### Problem to solve
Leave out the pictures and print the rest of the entries exactly as they stand.

Start of Data shown

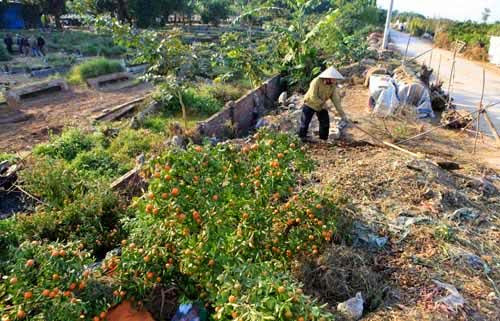 Quất héo xếp thành từng đống là hình ảnh dễ thấy khi đến Tứ Liên những ngày này. Từ gần 2 tháng nay, người dân làng Tứ Liên như ngồi trên đống lửa, khi Tết âm lịch cận kề nhưng hàng nghìn gốc quất thế cổ thụ chết hàng loạt không rõ nguyên nhân.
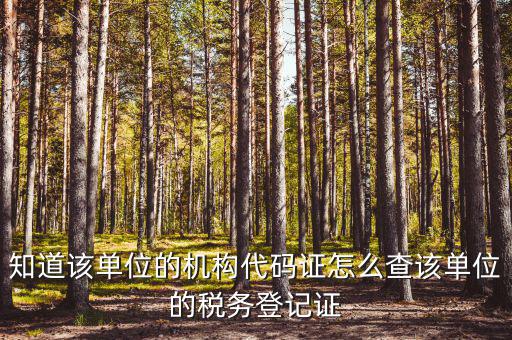 如何查企業(yè)稅務(wù)局登記，公司的稅務(wù)登記證號(hào)怎么查詢
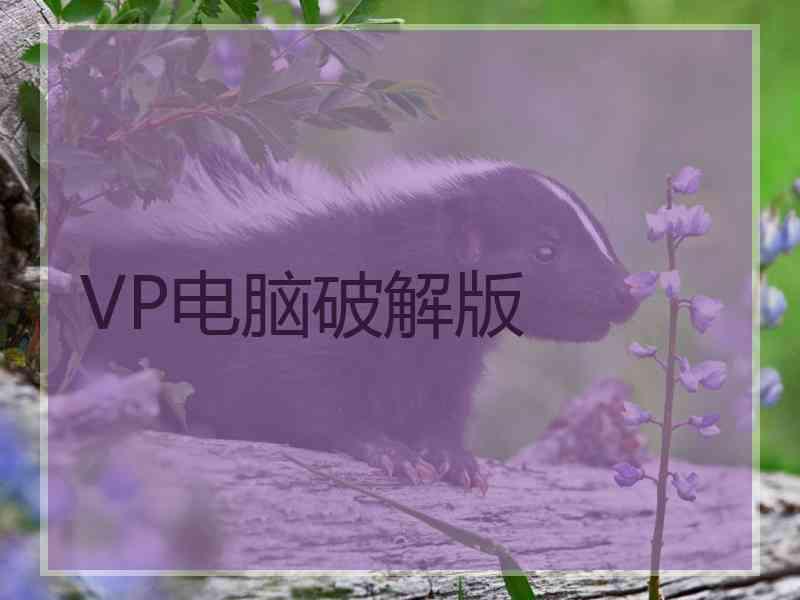 VP电脑破解版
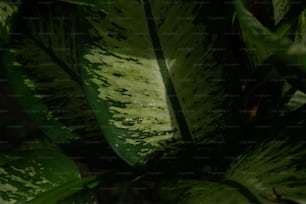 a close up of a large green leaf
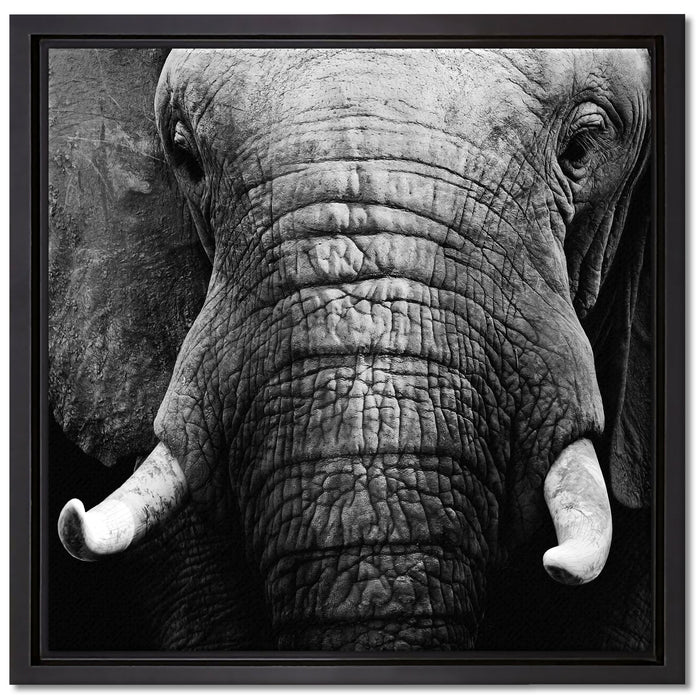 Elefant Porträt auf Leinwandbild Quadratisch gerahmt Größe 40x40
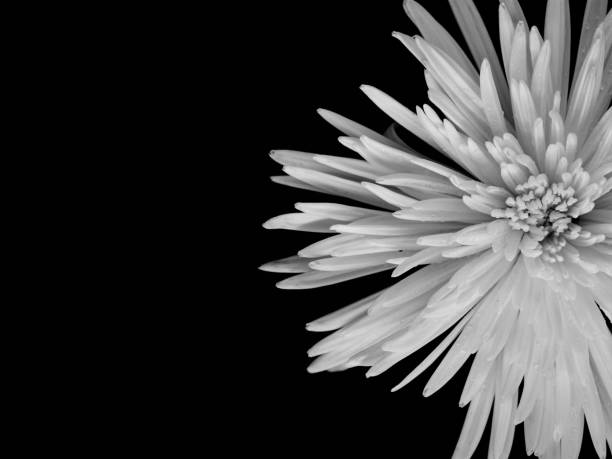istock Chrysanthemum on black background, black and white color. Copy space texture background 808536856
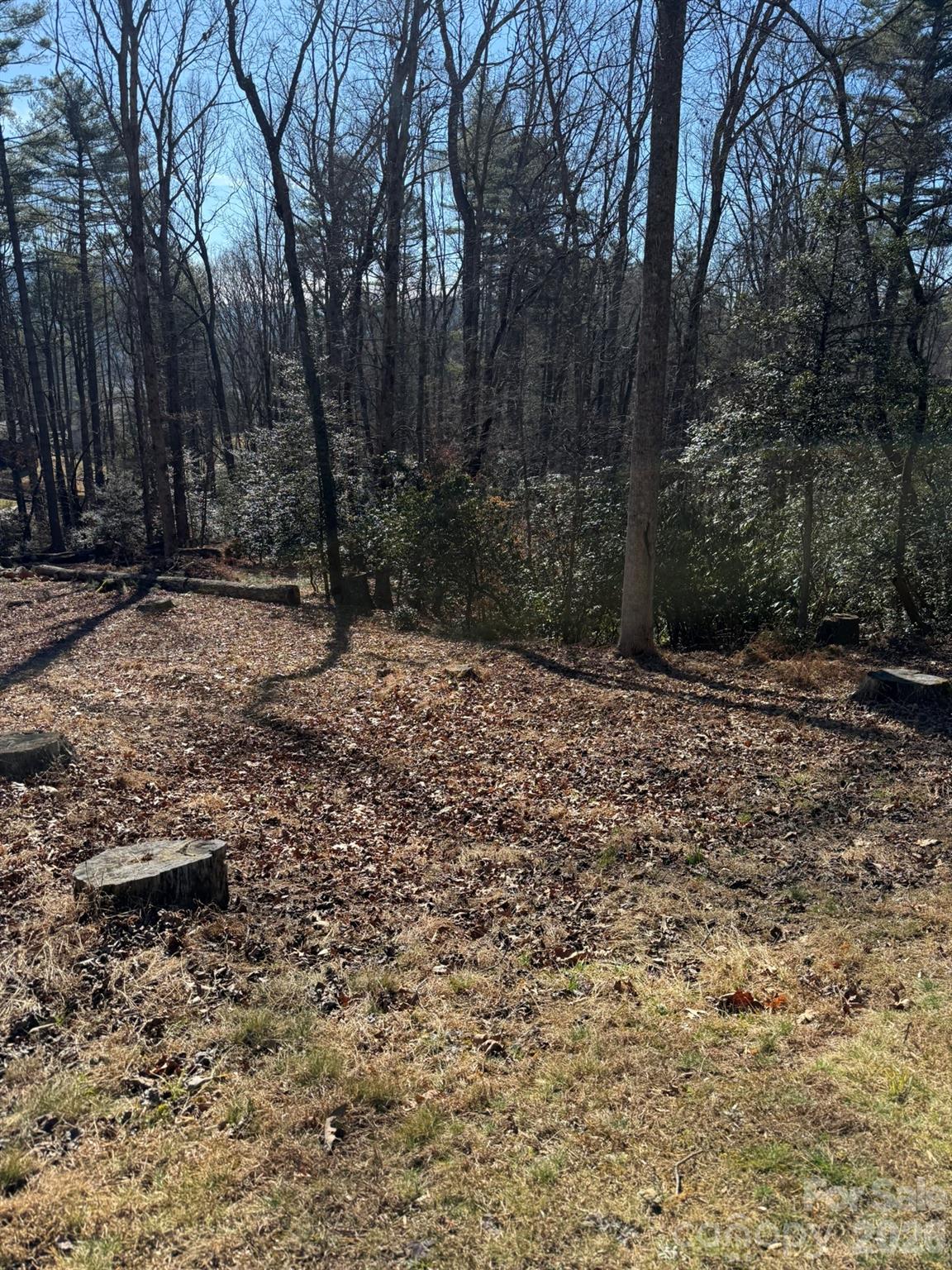 9999 Rockbrook Overlook 13 Property Photo 3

End of Data shown

### Answer box
 Quất héo xếp thành từng đống là hình ảnh dễ thấy khi đến Tứ Liên những ngày này. Từ gần 2 tháng nay, người dân làng Tứ Liên như ngồi trên đống lửa, khi Tết âm lịch cận kề nhưng hàng nghìn gốc quất thế cổ thụ chết hàng loạt không rõ nguyên nhân.
 如何查企業(yè)稅務(wù)局登記，公司的稅務(wù)登記證號(hào)怎么查詢
 VP电脑破解版
 a close up of a large green leaf
 Elefant Porträt auf Leinwandbild Quadratisch gerahmt Größe 40x40
istock Chrysanthemum on black background, black and white color. Copy space texture background 808536856
 9999 Rockbrook Overlook 13 Property Photo 3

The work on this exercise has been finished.